MANCHESTER, Tenn. — It may be the fifth year that Middle Tennessee State University has deployed a team of multimedia communicators to cover the Bonnaroo Music and Arts Festival, yet each one is very different and unique.
About 35 students from MTSU's College of Media and Entertainment arrived Thursday at the 700-acre farm that Dean Ken Paulson calls "the Bonnaroo campus."
"There's a special vibrancy to teaching professional skills when the classroom is the Bonnaroo festival," Paulson said. "Each year students majoring in photography, journalism, audio engineering and video production have a singular learning experience that they'll never forget."
Students from all three of the college's departments are represented at this year's Bonnaroo.

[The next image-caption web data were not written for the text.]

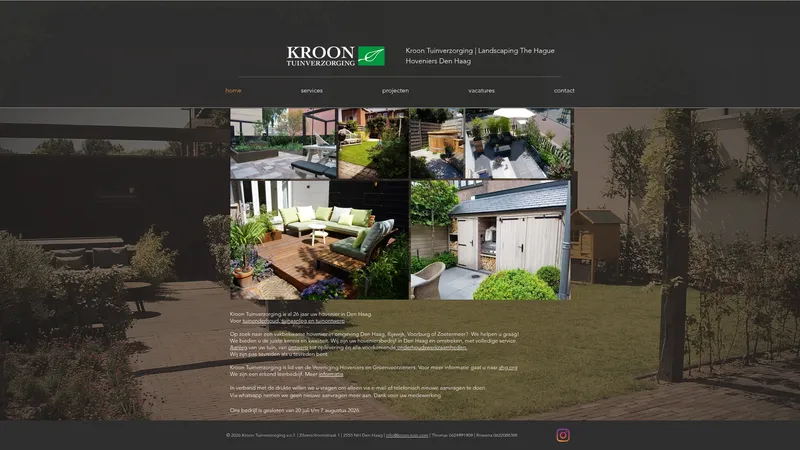 Website van Kroon Tuinverzorging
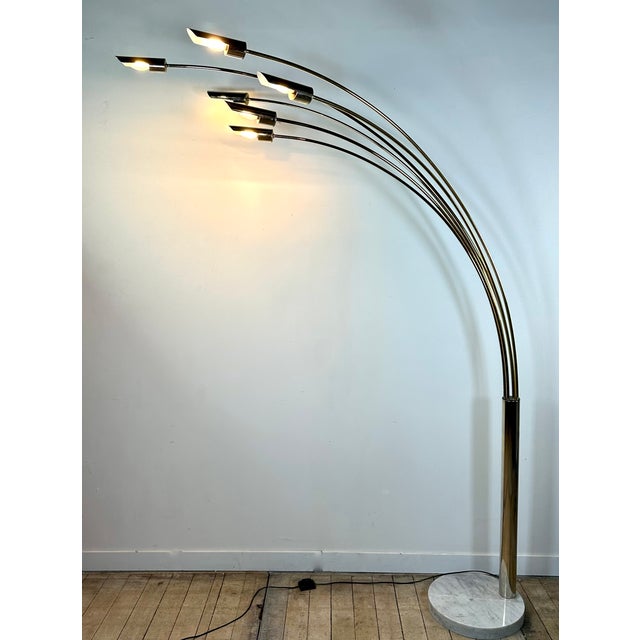 Mid-Century Modern Italian 6-Light Arc Floor Lamp in Gilded Brass, 1970s For Sale - Image 3 of 15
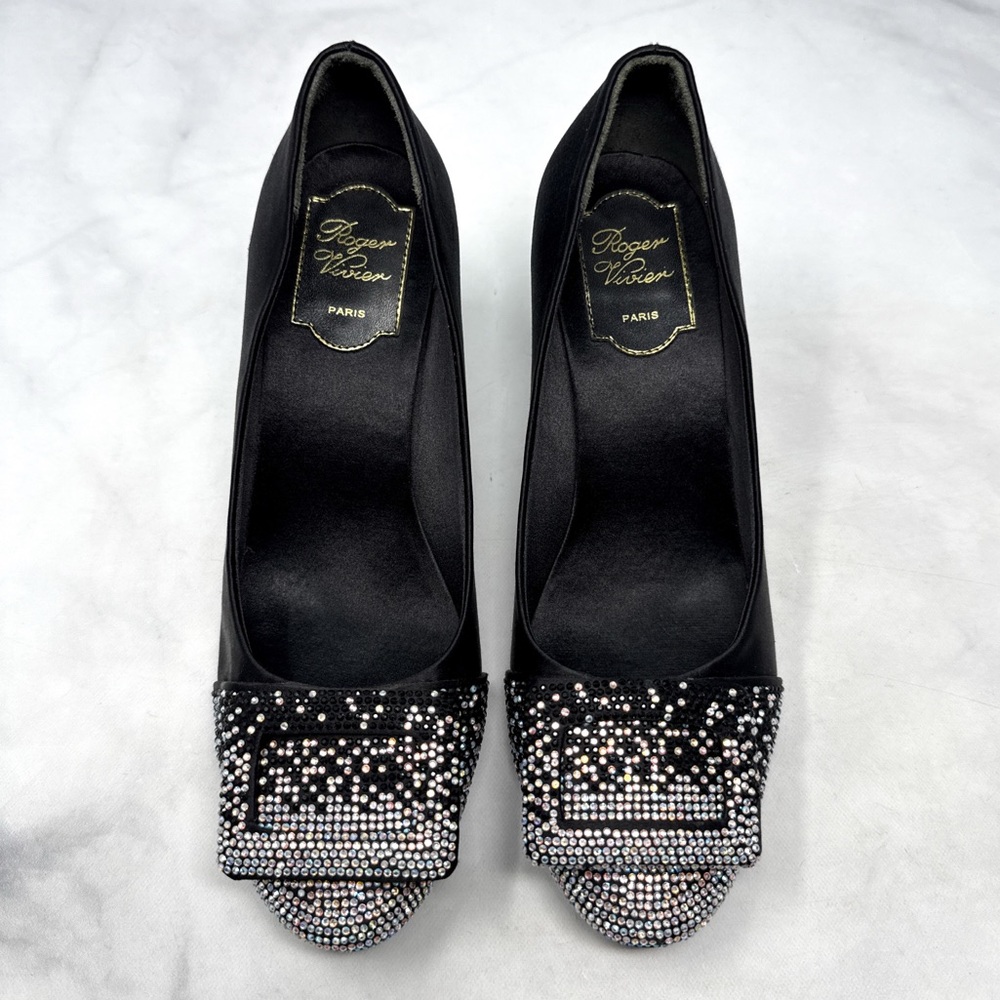 Roger Vivier Belle De Nuit Trompette Silk Satin Rhinestone Pumps Heels Black 38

Video and film production and photography majors from the Department of Media Arts and audio production majors from the Department of Recording Industry will be capturing performance of emerging artists on Bonnaroo's Who Stage, while multimedia majors from the School of Journalism and Strategic Media will be covering acts for area media outlets.
MTSU students Andrew Stephens, left, senior, and Austin Forsberg, junior, both video film production majors in the College of Media and Entertainment, prepare a camera Thursday, June 7, for use on the Who Stage at the 2018 Bonnaroo Music and Arts Festival in Manchester, Tenn. (MTSU photo by Andrew Oppmann)
"The classroom education is the start," said Journalism Director Greg Pitts, "but Bonnaroo is the hands-on next step for experiential learning, where students interview, write, report and meet newsroom deadlines."
One such student is Megan Cole, a sophomore double majoring in journalism and political science, who joins the team tapped by MTSU's Seigenthaler News Service to file artist interview and music reviews for a media client list that includes USA Today Network-Tennessee.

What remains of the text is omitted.